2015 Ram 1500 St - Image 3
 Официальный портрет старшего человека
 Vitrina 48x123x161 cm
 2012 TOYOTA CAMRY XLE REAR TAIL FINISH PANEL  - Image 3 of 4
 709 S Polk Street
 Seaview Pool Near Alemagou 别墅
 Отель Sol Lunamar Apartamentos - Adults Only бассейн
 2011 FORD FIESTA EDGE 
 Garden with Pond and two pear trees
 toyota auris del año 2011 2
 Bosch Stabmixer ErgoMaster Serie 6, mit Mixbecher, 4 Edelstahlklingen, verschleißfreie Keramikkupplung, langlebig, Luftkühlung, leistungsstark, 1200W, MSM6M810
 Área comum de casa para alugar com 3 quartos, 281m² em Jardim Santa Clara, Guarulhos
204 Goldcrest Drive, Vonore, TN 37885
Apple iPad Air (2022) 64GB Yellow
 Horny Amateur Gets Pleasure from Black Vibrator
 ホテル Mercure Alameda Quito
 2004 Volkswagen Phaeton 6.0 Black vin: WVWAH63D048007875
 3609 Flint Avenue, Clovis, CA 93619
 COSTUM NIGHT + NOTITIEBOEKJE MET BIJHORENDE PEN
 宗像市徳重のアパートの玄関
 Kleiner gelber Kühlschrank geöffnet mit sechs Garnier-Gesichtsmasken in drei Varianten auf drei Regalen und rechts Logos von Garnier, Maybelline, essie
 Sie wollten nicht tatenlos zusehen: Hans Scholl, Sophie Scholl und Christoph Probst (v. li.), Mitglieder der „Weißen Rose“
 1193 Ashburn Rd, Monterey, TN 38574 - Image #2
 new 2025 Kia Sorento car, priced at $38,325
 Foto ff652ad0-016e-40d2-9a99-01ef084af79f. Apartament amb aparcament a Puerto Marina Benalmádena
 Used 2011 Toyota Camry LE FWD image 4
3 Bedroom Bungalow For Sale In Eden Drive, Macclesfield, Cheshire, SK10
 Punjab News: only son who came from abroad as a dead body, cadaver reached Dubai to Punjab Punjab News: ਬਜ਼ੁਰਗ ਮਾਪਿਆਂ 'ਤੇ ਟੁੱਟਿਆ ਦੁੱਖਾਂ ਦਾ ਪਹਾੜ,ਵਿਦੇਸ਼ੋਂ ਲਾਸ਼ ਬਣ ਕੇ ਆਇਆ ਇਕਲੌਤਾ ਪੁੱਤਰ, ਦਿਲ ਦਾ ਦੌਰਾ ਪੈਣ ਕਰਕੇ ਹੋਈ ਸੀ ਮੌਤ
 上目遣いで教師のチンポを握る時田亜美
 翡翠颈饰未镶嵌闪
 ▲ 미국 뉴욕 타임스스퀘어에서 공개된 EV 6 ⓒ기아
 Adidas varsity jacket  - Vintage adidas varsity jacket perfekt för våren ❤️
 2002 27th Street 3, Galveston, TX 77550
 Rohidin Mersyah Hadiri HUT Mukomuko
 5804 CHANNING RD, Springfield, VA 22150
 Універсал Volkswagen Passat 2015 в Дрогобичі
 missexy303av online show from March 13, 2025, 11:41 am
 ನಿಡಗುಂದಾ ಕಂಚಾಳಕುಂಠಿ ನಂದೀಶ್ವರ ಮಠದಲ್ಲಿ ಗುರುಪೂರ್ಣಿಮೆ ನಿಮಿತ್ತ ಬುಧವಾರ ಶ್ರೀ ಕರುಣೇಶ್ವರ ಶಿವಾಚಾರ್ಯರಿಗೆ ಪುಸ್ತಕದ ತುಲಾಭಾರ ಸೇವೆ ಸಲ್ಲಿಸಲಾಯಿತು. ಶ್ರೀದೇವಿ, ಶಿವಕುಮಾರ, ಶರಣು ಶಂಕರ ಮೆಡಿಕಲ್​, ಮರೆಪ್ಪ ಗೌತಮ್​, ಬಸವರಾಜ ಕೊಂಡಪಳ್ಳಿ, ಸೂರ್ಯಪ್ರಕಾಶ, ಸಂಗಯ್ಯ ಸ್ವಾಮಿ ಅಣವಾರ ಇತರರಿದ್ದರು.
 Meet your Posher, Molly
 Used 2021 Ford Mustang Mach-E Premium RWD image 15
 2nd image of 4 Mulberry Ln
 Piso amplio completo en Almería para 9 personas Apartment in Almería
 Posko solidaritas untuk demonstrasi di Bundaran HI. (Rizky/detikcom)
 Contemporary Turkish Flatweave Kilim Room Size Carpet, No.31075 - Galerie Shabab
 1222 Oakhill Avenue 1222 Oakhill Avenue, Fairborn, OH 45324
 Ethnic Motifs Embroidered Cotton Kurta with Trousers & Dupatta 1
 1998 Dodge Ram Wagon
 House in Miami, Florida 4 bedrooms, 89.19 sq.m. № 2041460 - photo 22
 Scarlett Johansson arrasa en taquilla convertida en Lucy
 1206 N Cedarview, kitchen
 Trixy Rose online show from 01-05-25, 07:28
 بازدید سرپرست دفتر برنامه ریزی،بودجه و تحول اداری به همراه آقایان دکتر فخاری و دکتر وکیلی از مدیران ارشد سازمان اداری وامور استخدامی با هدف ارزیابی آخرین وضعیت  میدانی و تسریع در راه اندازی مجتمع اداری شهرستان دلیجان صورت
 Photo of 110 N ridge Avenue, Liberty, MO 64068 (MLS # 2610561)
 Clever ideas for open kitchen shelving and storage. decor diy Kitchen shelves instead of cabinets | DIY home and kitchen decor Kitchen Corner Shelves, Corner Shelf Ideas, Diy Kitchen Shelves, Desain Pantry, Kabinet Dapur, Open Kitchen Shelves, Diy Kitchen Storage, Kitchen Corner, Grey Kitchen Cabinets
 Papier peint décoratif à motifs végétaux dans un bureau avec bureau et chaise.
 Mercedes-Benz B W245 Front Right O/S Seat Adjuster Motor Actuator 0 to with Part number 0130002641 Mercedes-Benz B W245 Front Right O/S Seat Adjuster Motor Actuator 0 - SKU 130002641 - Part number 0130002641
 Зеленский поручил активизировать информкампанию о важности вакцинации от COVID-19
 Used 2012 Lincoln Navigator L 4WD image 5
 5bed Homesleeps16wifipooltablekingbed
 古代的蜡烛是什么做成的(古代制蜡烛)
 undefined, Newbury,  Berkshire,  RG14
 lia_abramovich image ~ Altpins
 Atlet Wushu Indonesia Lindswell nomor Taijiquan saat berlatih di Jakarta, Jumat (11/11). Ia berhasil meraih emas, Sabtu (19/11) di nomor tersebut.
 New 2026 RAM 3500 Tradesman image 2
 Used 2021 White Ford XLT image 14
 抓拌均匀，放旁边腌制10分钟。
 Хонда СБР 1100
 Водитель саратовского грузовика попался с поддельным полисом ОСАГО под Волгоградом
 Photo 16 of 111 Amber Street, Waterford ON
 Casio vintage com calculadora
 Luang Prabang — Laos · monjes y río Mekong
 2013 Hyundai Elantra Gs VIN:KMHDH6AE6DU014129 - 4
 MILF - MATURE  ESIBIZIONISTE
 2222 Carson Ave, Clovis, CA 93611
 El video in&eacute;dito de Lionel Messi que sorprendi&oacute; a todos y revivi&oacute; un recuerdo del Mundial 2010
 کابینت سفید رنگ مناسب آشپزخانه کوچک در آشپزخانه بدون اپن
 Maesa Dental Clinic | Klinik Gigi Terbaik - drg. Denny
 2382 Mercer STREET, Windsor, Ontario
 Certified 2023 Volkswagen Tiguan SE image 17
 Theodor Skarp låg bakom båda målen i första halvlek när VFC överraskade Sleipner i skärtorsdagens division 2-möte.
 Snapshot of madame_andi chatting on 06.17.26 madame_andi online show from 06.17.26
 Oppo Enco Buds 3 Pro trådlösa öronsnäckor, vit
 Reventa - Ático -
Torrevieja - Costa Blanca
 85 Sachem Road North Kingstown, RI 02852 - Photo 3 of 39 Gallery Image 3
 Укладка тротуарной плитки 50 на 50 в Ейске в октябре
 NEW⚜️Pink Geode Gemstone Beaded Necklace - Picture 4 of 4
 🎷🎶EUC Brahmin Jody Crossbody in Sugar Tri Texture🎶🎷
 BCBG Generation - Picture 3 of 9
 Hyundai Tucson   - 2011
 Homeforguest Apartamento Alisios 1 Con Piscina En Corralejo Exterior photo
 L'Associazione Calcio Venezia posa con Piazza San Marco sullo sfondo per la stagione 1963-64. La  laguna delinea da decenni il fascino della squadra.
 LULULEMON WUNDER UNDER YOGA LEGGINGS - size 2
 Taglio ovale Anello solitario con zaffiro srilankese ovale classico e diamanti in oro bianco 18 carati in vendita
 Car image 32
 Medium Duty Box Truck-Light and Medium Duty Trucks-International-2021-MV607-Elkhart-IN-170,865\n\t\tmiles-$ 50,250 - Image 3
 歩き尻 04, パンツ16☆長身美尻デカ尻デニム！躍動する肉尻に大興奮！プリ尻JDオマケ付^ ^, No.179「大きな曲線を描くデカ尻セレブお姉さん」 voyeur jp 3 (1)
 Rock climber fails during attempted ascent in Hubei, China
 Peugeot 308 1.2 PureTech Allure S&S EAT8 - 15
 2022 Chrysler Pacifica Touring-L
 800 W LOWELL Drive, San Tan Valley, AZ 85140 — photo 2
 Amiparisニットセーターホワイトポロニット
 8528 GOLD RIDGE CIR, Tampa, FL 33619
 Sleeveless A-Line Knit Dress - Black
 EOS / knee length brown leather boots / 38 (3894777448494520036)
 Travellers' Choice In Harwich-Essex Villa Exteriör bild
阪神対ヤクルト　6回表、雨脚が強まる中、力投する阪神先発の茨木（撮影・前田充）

***

**Directions for this task**
Starting with the line above that holds "Sie wollten nicht" and stopping with the line that holds "new 2025 Kia Sorento car, priced at $38,325", reproduce each line exactly, omitting all other lines.

**Reply to the task**
 Sie wollten nicht tatenlos zusehen: Hans Scholl, Sophie Scholl und Christoph Probst (v. li.), Mitglieder der „Weißen Rose“
 1193 Ashburn Rd, Monterey, TN 38574 - Image #2
 new 2025 Kia Sorento car, priced at $38,325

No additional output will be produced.